Será que chove?

O ar pesado se arrasta a muito custo numa brisa morna perfumada pela maresia.. Carrega também um cheiro que pode ser decomposto em, camarão frito, cerveja, limão, peixe, protetor solar e , é claro, urina..

Contemplo distraído, o limão sendo ritualísticamente macerado com açúcar. Turisticamente, em vez de assistir a liturgia alquímica, com a devida reverência, em siliêncio, puxo assunto: Dia lindo, não? Tá bonito sim, mas vai virá pra chuva, o caiçara responde, enquanto, elegantemente, agita no ar os dois copos dispostos boca com boca.

Bem feito, pensei. Quem mandou abrir a boca? Saber que o tempo vai mudar, de alguma forma deixa o dia mais feio ou pelo menos bonito. A exatidão do diagnóstico está fora de questão: meteorologistas fazem previsões, caiçaras apenas reportam a simples obviedade da natureza..

Fazer o que? Tomei a caipira e o dia ficou bonito de novo. Quando estava no fim da segunda cerveja que sucedeu a primeira caipirinha, a brisa já começava a cheirar diferente, pude reconhecer nuances aromáticos da patagônia que anteviam a frente fria. A conexão estava alquimicamente refeita e o caiçara absolutamente correto.

Nessa modorra é que a revelação comecou a formular-se na minha mente, encantada pela filosofal beberagem.

Nossa percepção sobre os fenomenos naturais tem se resumido a julgar a qualidade do ar pela ardência dos olhos, o que não deixa de ter utilidade, por que mantém viva a pergunta: Que catsu estamos fazendo aqui?

Então será que já não existe uma espécie de homídeo-cosmopolita? Não apenas do ponto de vista sociológico. Estou falando de um novo bicho, genética e neurologicamente diferente. Equipado com um repertório de mecanismos de sobrevivência adequados ao estilo de vida das nossas cidades/ mercado. Uma raça que, como o caiçara, seja capaz de prever alterações no seu meio, como uma alta no dólar, por exemplo ou uma queda na bolsa. Isso porém, sem utilizar o cientificísmo acadêmico, que como a meteorologia oficial é muito falho. Capacitado por instinto, a sobreviver no ecossistema financeiro, não porque seja assinante de Exame, mas porque faz parte da sua natureza..

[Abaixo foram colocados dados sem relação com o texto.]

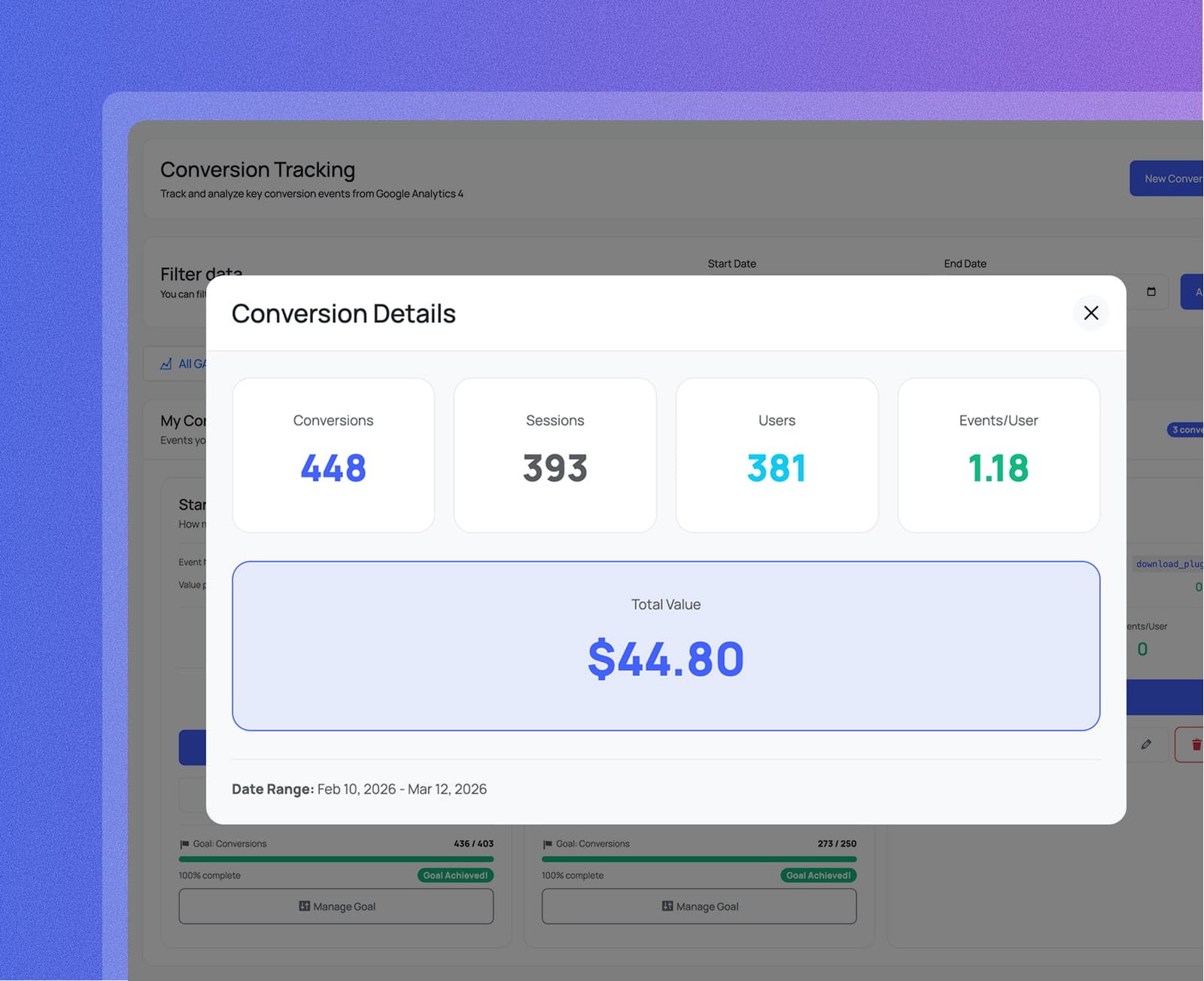 Drill into every metric for any tracked conversion
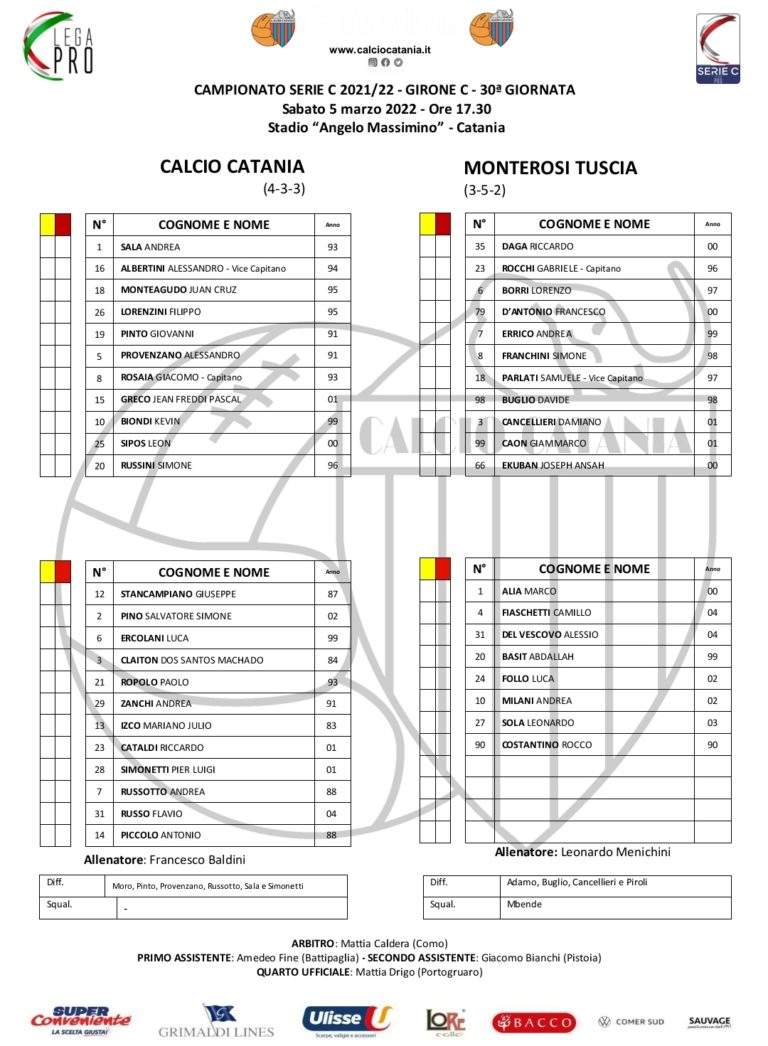 CATANIA-MONTEROSI: ecco le formazioni ufficiali. Moro out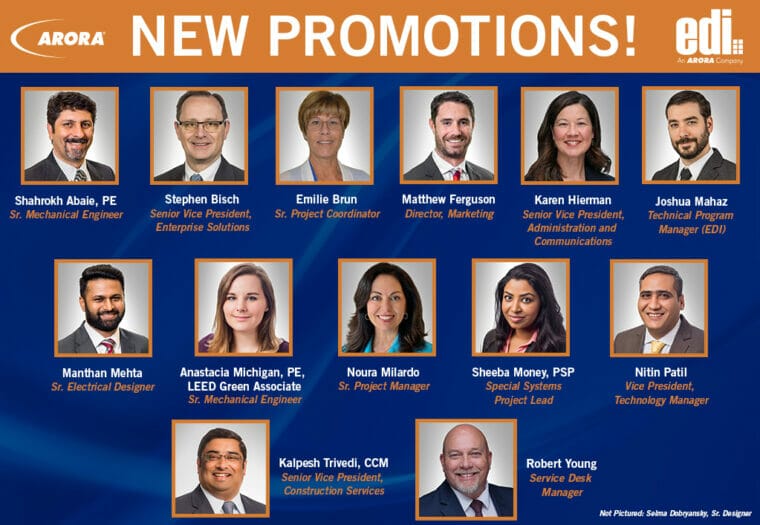 Employee Promotions Jan 2023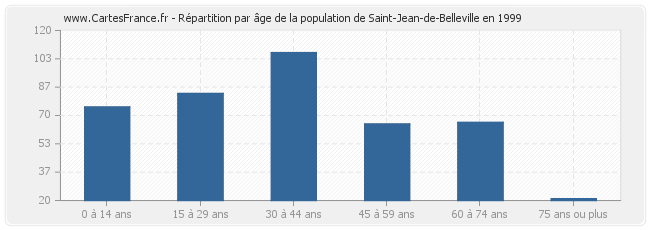 Répartition par âge de la population de Saint-Jean-de-Belleville en 1999
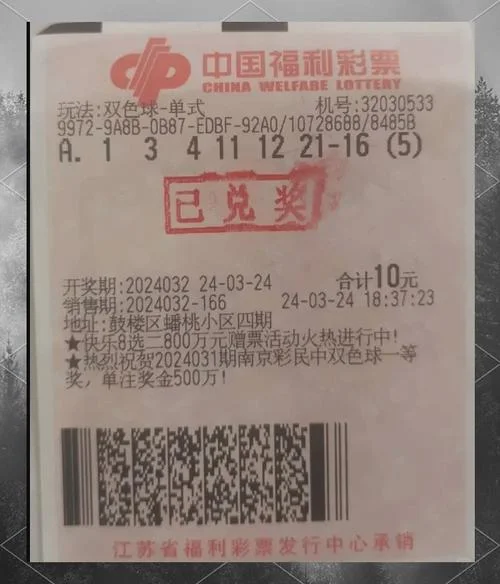 梦见中大奖但没得到钱_1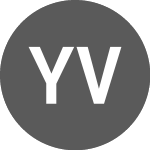 Logo of YER vs Sterling (YERGBP).
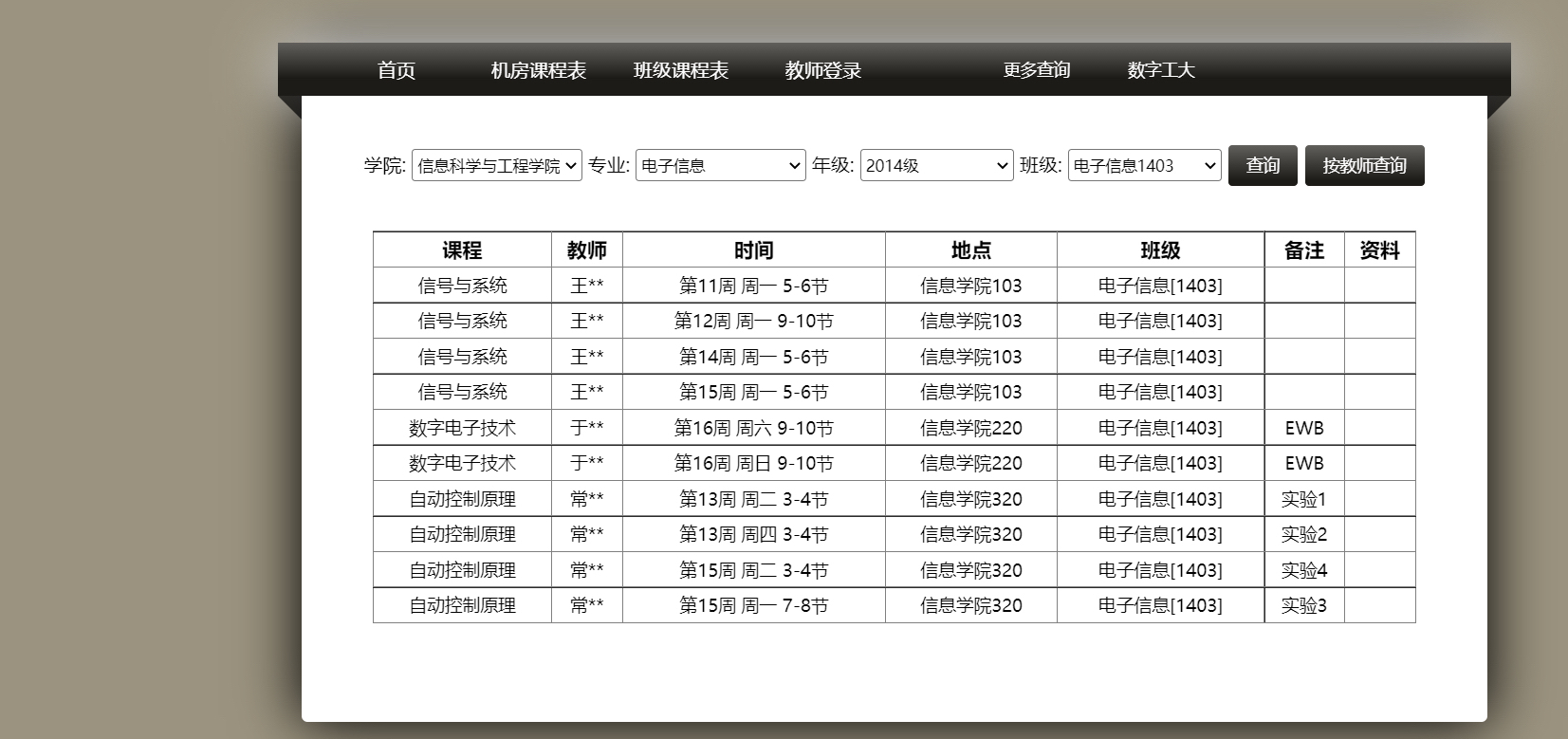 php学生选课排课管理系统源码，跟踪传统排课流程，收集负责教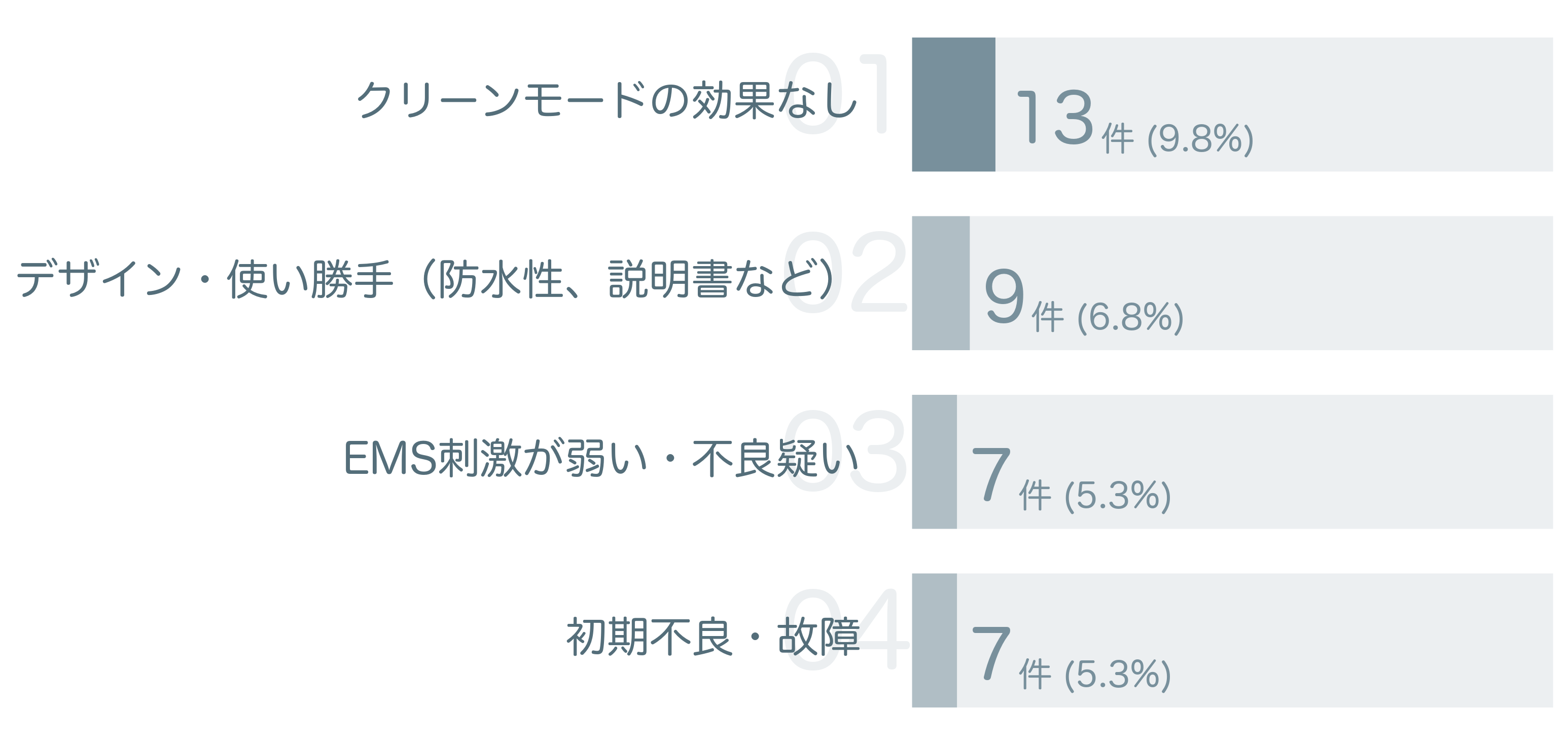低評価の要因分析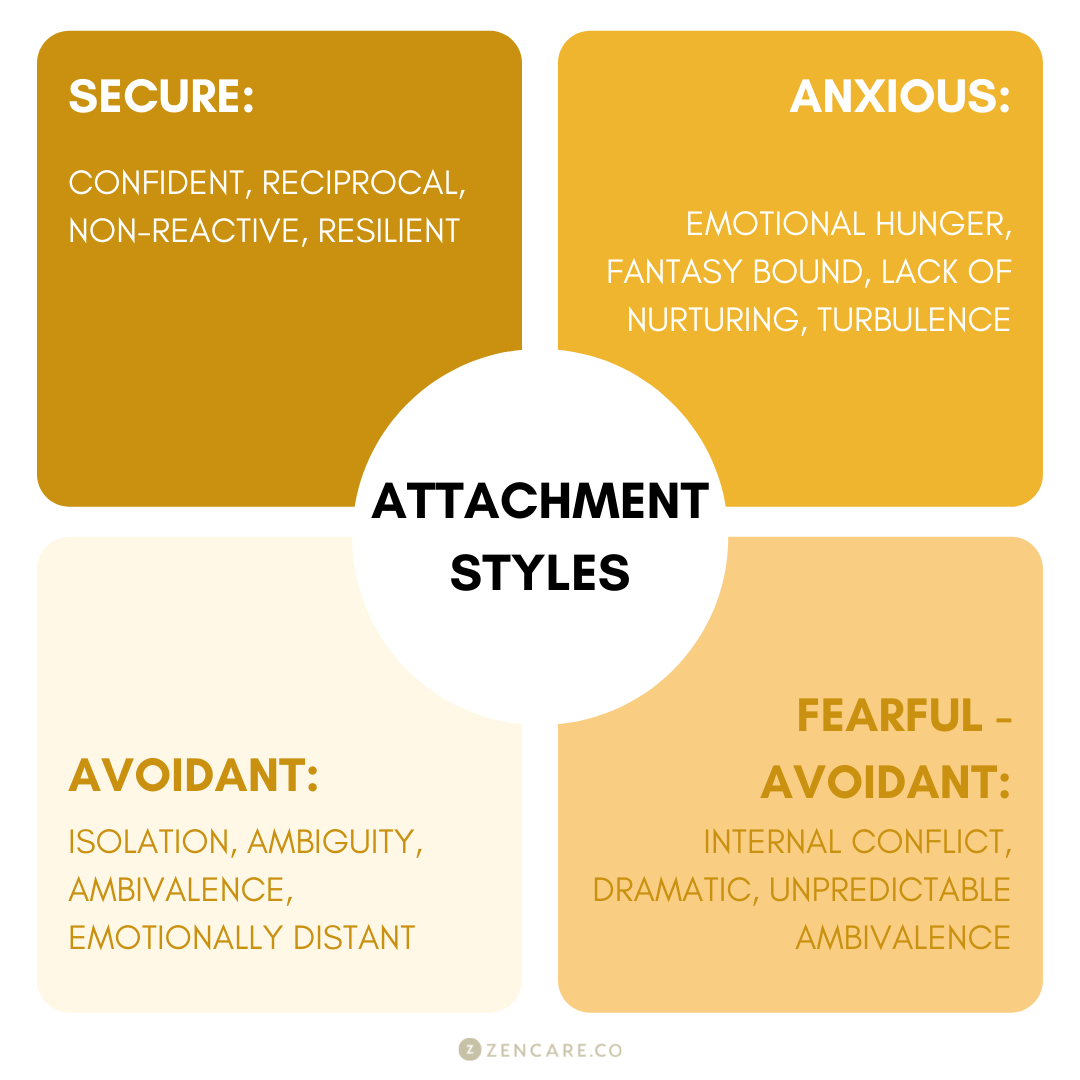 What Is Your Attachment Style Healing Attachment Issues   Attachment Styles  1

Um ser que pudesse acordar de manhã e um décimo de milézimo de segundo antes de ligar a televisão comente com a esposa: hoje o ar tá com cheiro de crise Argentina. Não esquece de comprar uns dólar antes do armoço.
Não estou me referindo, insisto, àquele tipo de previsão óbvia que trata das relações patrão/empregado, governo/cidadão, ética/política. Nessa área, o ser humano ou melhor, o homo sapiens, possui um mecanismo auto regulador de natureza controversa , que pode ser traduzido como: me egana que eu gosto. Esse mecanismo porém, parece ter o seu desenvolvimento de forma cultural, não é portando instintivo.

A essa altura da minha especulação darwiniana, começo, com certa nostalgia, a concluir que a raça humana, como nós conhecemos, está em vias de extinção. Cada um de nós carrega diminutas, porém indeléveis, mutações úteis apenas aos frios propósitos evolucionistas. Genes que serão selecionados e transmitidos às futuras gerações segundo sua utilidade para sobrevivência financeira da espécie. Isso pode ser comprovado pelas inumeras histórias de todos aqueles que fizeram negócios um dia antes do plano Collor e passaram o mico adiante. Pessoas simples, comuns, que até hoje vivem agradecendo aos padroeiros, sem se dar conta que, na verdade, foram orientadas pelo gene mutante que carregam.

Nada de pânico. Não existe tragédia em evoluir, uma vez que estaremos eternizados nesse “homo qualquer coisa”, da mesma forma que o nosso colega das cavernas está em nós.

É bem verdade que, lamentavelmente, o novo senhor do mercado não terá nenhuma habilidade em prever a chuva, tomara não perca a capacidade de delirar.